Finance presenter Leah Valley told the board that September revenues totaled $7,908,000, including local option sales tax receipts of $1,813,000. Sales tax collections were reported as up 6.4% year to date; she noted year-to-date revenues were 13.5% above the prior year but that the increase was skewed by state-funded teacher bonuses. September expenditures were $8,910,000, reflecting the normal early-year pattern where expenses exceed revenues before property-tax collections. For the year through September the district reported a net loss of $3,134,000; the district bank balance was reported as just over $11,000,000.
Valley explained how local sales tax is remitted and allocated: the total sales-tax rate in Washington County is 9.75% with a portion remitted by the state and distributed by the county trustee; Johnson City Schools directs the additional local quarter-cent (the increase from 9.25% to 9.50%) into the PEP (People's Education Plan). September deposits to the PEP included $305,000 from the city and $175,000 from the schools; the PEP account balance at month end was reported as just under $10,000,000. County in-lieu funding of $500,000 annually also flows into the PEP under the existing agreement and is intended to support debt service for specified capital projects.

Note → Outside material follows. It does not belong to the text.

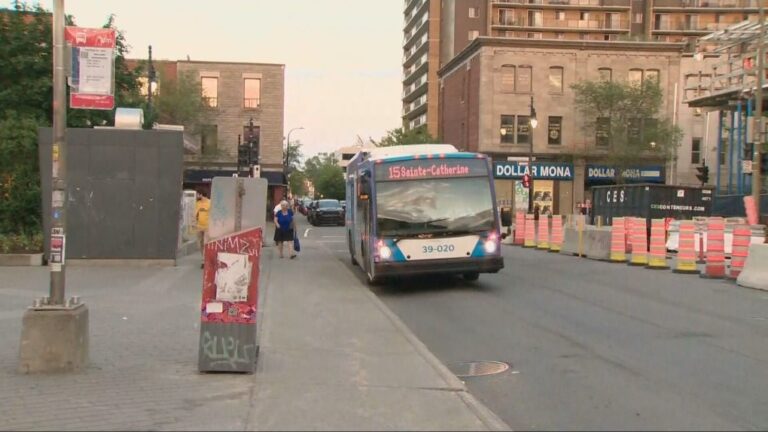 Ce sont les 7 lignes d'autobus de la STM qui seront éliminées à Montréal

The board approved the first 2025 26 budget amendment. Staff said the amendment draws roughly $1,891,000 from year-end reserve amounts and carryovers for items budgeted but not completed (including textbook purchases tied to a science adoption), permits reallocation of funds for extended assignments, and budgets an increase of about $473,000 tied to the final TISA calculation for the prior year. The amendment also budgets approximately $100,000 for a previously approved wireless upgrade, provides for higher virtual-program enrollment, and allocates funding for the homeless program previously supported by McKinney-Vento funds. Staff said some remaining teacher-line funds are being held for potential staffing changes and can be reallocated later if unused.
Board members moved and seconded the motions for the reports and amendments; voice votes were recorded for routine items and the budget amendment carried.
Auditors were on-site during the meeting to complete school funds work, and staff said the full school-funds audit will be presented at the December meeting.